At the very least, a word salad is a diversion- a fluster and a cringe season the leaves of language jumble. Rachel loves her salads; she's very healthy. Sometimes I dream that she begins to talk so fast that in order to save her life, I have to talk her down- off the drug of information vomit. She rarely stutters, exudes confidence to her prey, verbally dots every "i." But when one talks as much as Rachel, one reaches her daily vegetable intake earlier than anticipated.
Maybe she initially stumbles over a fluke in the story, a soybean of mismatched facts. To rectify, she moistens the tale with acidity, which I call the tomato tactic. Finally, as reaction to audience gasps of incredulity, she slices the climactic meat to top her salad saga. Most days it's chicken.
Despite her cranium-curling velocity, Rachel has perfected the word salad. It might be marketed, were she of entrepreneurial spirit, packaged into bubbles of poise that burst into a satisfying meal when prodded-- kind of like that chicken that spurts butter upon provocation.
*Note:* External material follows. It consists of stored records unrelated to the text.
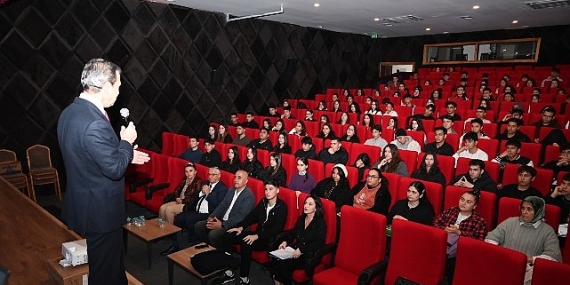 Kemer’de “Atatürk ve Cumhuriyet” konulu seminer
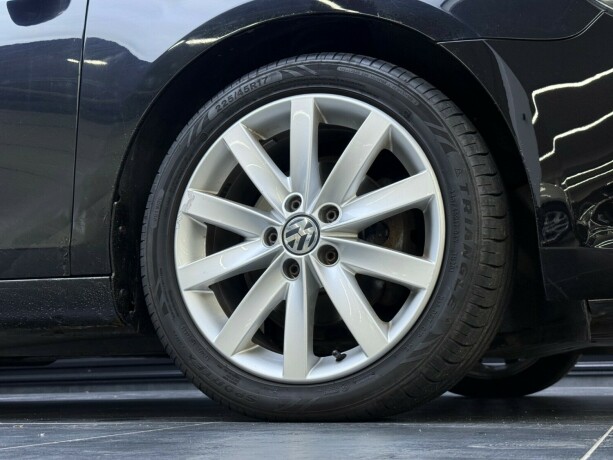 volkswagen-golf-diesel-2012-big-7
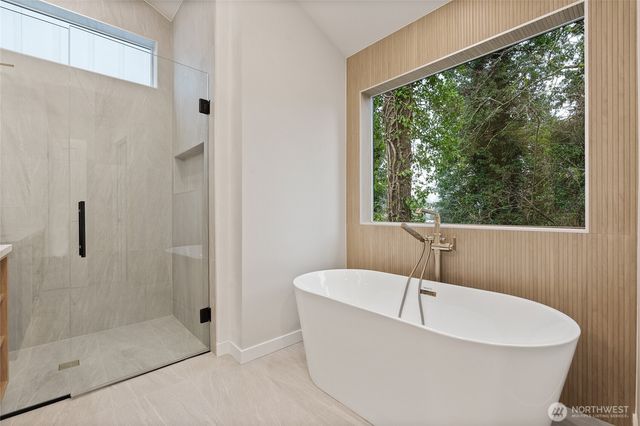 9012 124th Lane NE, Kirkland, WA 98033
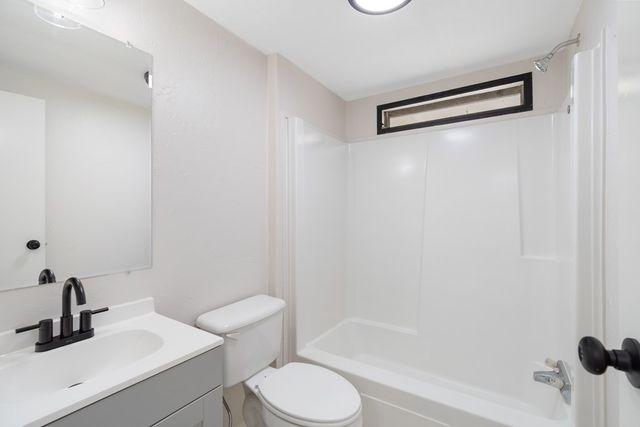 235 S Lillian Dr, Kerrville, TX 78028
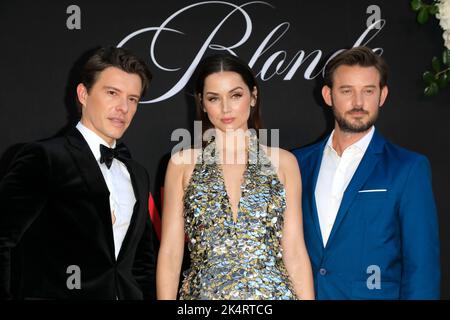 September 13, 2022, Los Angeles, CA, USA: LOS ANGELES - SEP 13:  Xavier Samuel, Ana De Armas, Evan Williams at the Blonde Premiere at the TCL Chinese Theater IMAX on September 13, 2022 in Los Angeles, CA (Credit Image: © Kay Blake/ZUMA Press Wire) Stock Photo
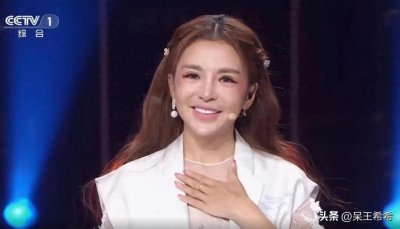 央视《星光大道》年度总决赛反响平平,收视率下滑明显第一段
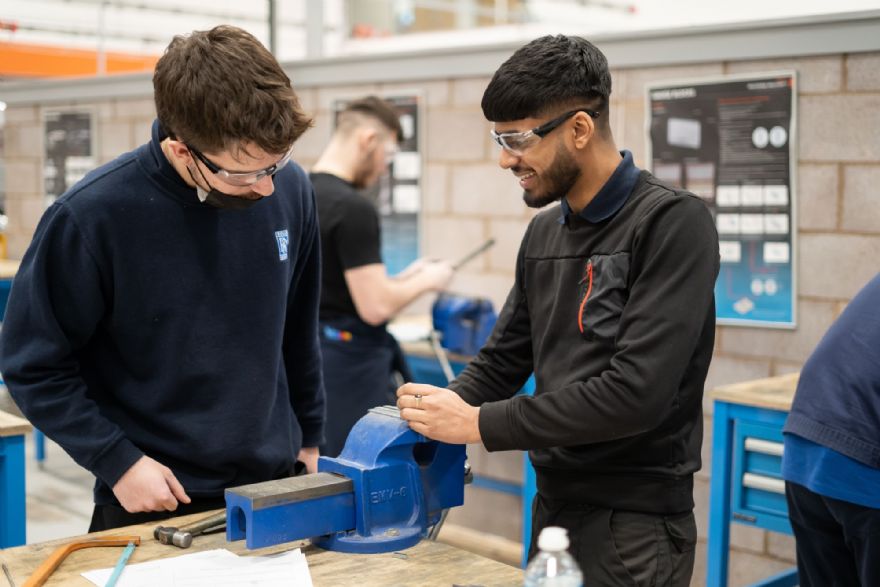 Make UK to roll out online apprenticeship programme 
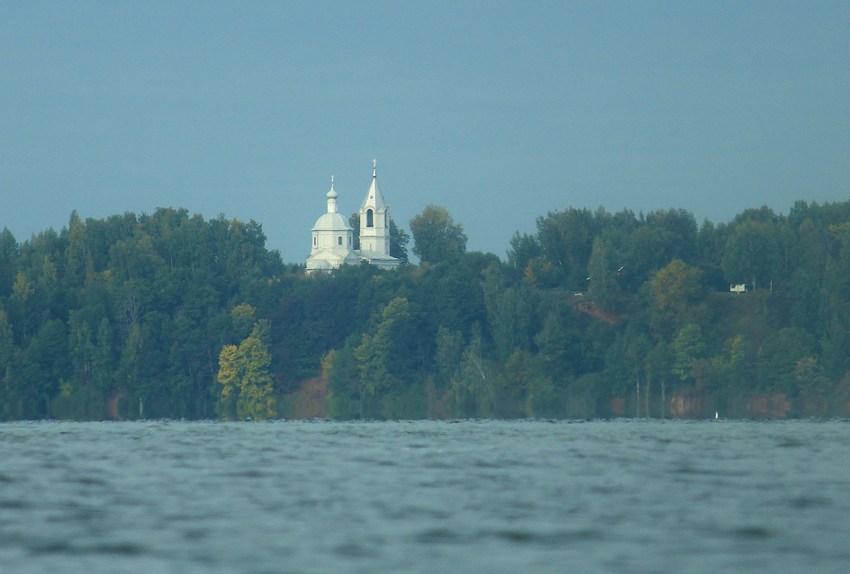 Церковь Воскресения Христова, Матрёнино (Чкаловск, город, Нижегородская область). общий вид в ландшафте, Вид с Волги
On the other hand, the word salads of the nation suggest a serious nutrient deficiency. It may be biological: one's tongue physically lacks the ability to toss. Often, it's mental: one may only be able to sluice the dressing alone in the dark. In any event, it's a true peach when one can witness a live word salad demo. Most are able to master the basic elements of prep: the rinsing of doubt, the chopping of pretext, the layering of context. It's when the storyteller approaches the cooking of climax when he seems to perspire. The listener edges closer to the sound of boiling eggs or the sting of crackling bacon. A last minute sprig of dill adds bold validity an otherwise average tale. Alas, a moment of distraction, an errant thought, a misangled thrust of plot detail, and --- squirt. Citrus. All over. A poorly-calculated, preemptive verbal assault. It's insulting, it's disappointing, it's why I'm a picky eater.